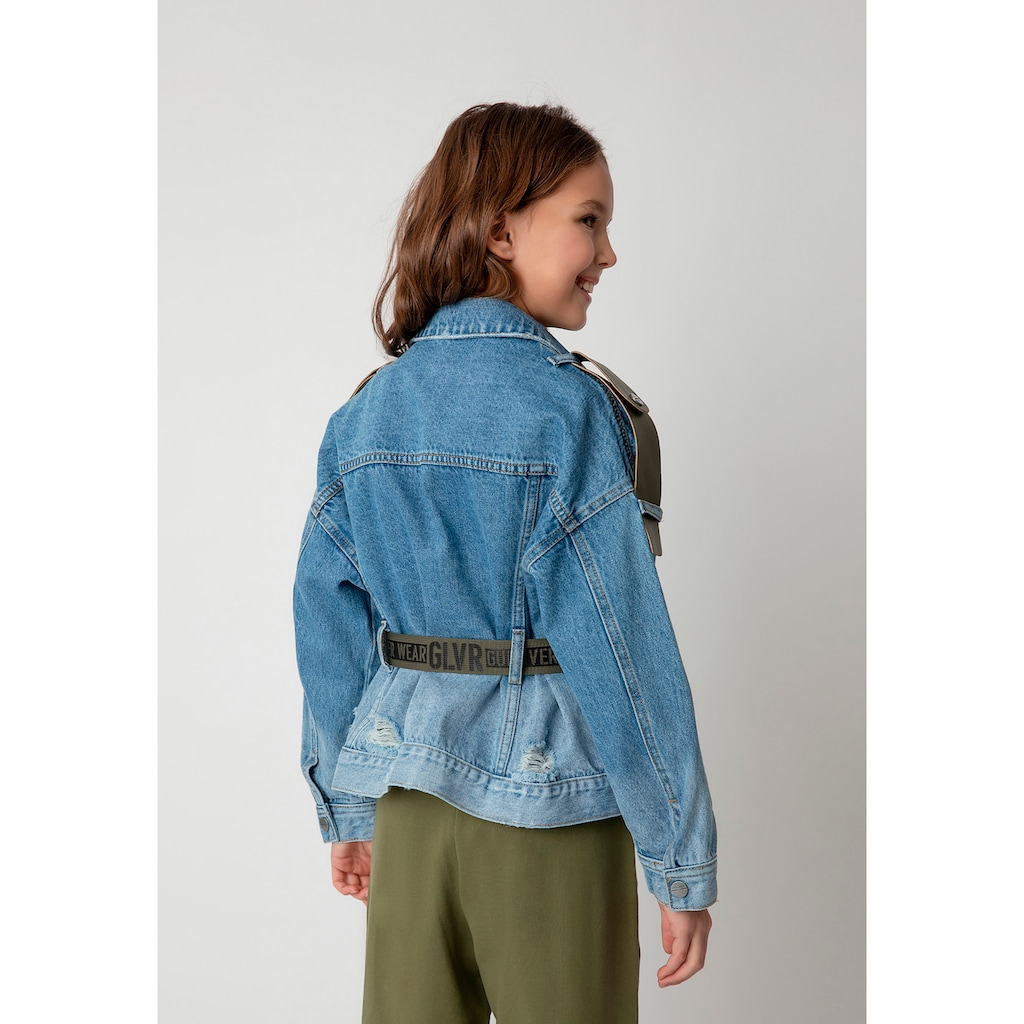 Gulliver Jeansjacke, mit Gürtel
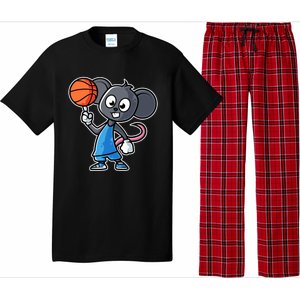 Mouse Basketball Game Day Funny Team Sports Bfunny Giftball Rat Gift Pajama Set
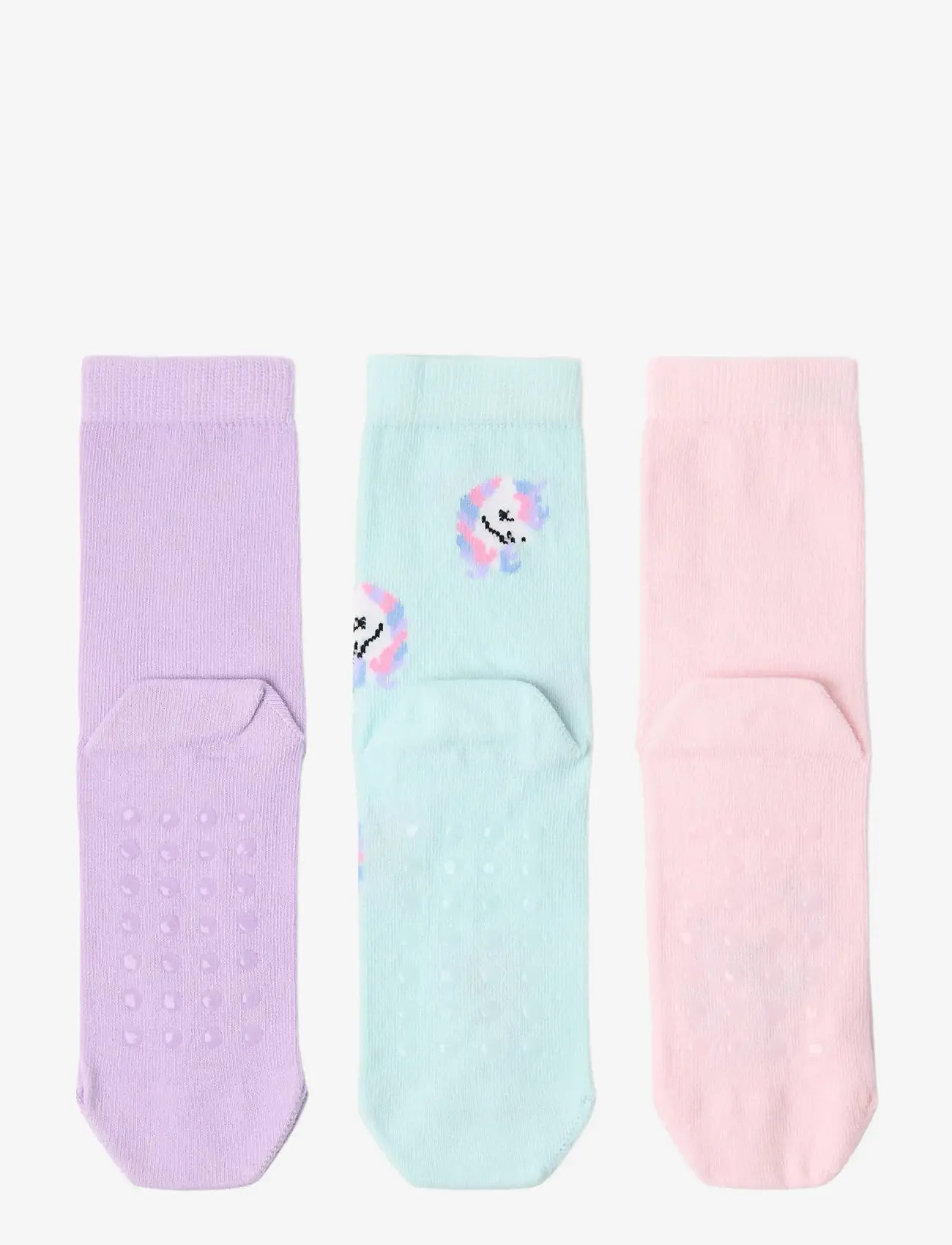 Lindex - 3-pack socks - anti-rutsch socken - light pink - 1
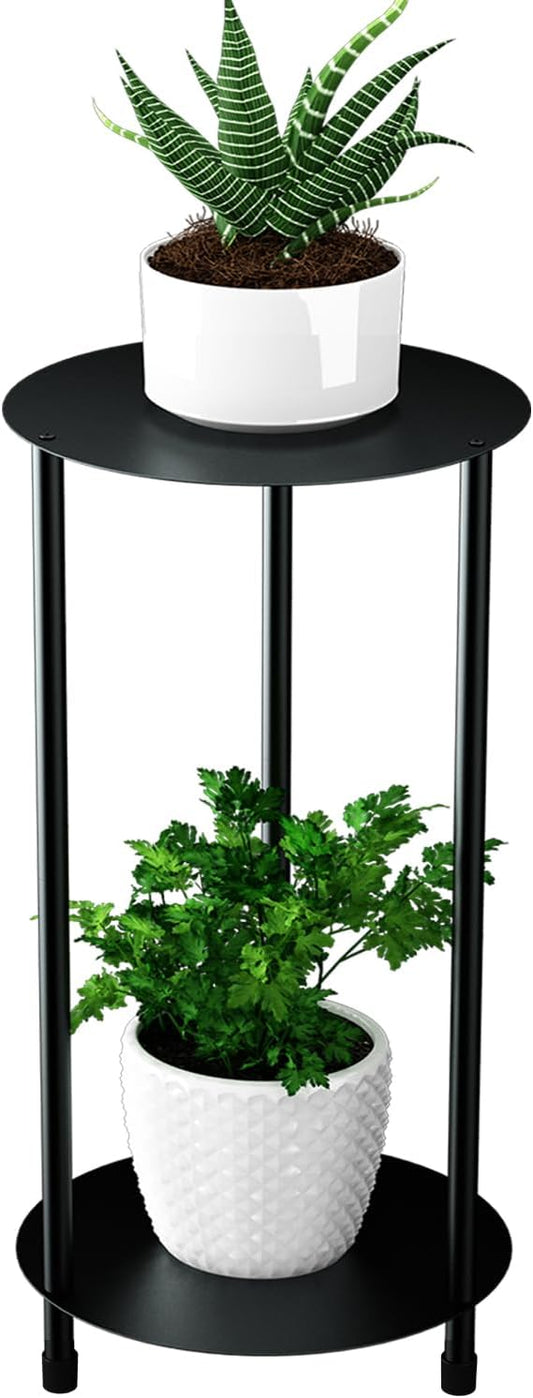 2 Tier Metal Plant Stands for Indoor Outdoor,Modern Plant Stand Indoor,Metal Flower Potted Plant Holder Plants Display Rack,Rustproof Corner Flower Pot Stands,Garden,Patio,Living Room,Corner,Office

════

For this copy, leave pictures out and reproduce the lines from the one bearing "Lindex - 3-pack" through the final line of the listing above, both ends included.

 Lindex - 3-pack socks - anti-rutsch socken - light pink - 1
 2 Tier Metal Plant Stands for Indoor Outdoor,Modern Plant Stand Indoor,Metal Flower Potted Plant Holder Plants Display Rack,Rustproof Corner Flower Pot Stands,Garden,Patio,Living Room,Corner,Office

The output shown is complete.